Both above and below decks, Friendship showed she’s more evolved than her picnic predecessors, but she shares one constant with the rest of the Hinckley family—the JetStick control. I grew up as part of the Atari generation, so manipulating a joystick is nothing new. Nor is operating a boat with one, having experienced it firsthand with pod drives, inboards, and stern drives. But this was my first time using my fingertips to drive a jetboat. I had to clear my head of my previous jet-powered experiences—personal watercraft, flat-bottomed river skiffs, and flighty runabouts. The popular wisdom is that jet-powered boats have no steerage at slow speeds. At the helm of the Hinckley MKIII, that notion couldn’t be more off base.
The Hamilton waterjets are nothing more than big water pumps connected to diesel engines. They pick up water at high volume, low pressure and discharge it at low volume, high pressure, creating thrust. Semi-circular buckets downstream of the jet nozzles move up and down for forward and reverse while the nozzles themselves pivot side to side to alter direction. The buckets are synched so they respond in unison when you move the joystick.
Hinckley’s patented JetStick control has three modes: Docking Mode that adds the use of a hydraulic bow thruster for close quarters handling, Power Steer Mode that allows for total joystick control underway, and Helm Mode that provides for more conventional steering with the wheel.

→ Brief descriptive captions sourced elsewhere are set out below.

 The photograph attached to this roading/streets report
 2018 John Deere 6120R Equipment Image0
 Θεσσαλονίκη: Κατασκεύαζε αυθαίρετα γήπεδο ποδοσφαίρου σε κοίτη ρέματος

Getting started, I had to disabuse myself of the need to grab the wheel and work the throttle levers in forward and reverse. To go reverse, you leave the throttle levers in forward and pull the joystick back. Once I got the hang of it, I realized that in close quarters the MKIII has a feature no other boat can match: brakes. Sure, prop boats will stop if you throw back the throttles, but the sensation is anything but smooth. With waterjets, the engines don’t have gears—the buckets control forward and reverse, not the transmission. So the engines maintain smooth operation while the buckets change the flow direction.
The jets are so responsive in docking mode that I moved the joystick in reverse, and Friendship came to a near dead stop. I could spin her on her axis, crab sideways with the thruster, and hold position with almost no effort.
Underway, I had flashbacks to the classic Atari game “Tank Commander,” navigating through a crowded Intracoastal Waterway at 20 knots with a slight twist of my fingers. The deeper V helped the boat track straight and execute lock-to-lock turns at wide-open with no blowout or slippage. We handled several large wakes from fast-moving sportfishermen; the only time we took spray on the windshield was when I hit a rolling three-footer head-on at WOT. I brought Friendship back to Old Port Marina in Helm Mode, getting a feel for how she steered with the wheel. She did just fine, tracking as straight as any prop boat I’ve driven.
In many ways the MKIII is exactly the same as the original Picnic Boat, built with the same SCRIMP Kevlar and Carbon composite hull with vinylester resin. But all the changes are for the better. No second acts? In this case, F. Scott Fitzgerald, you were dead wrong.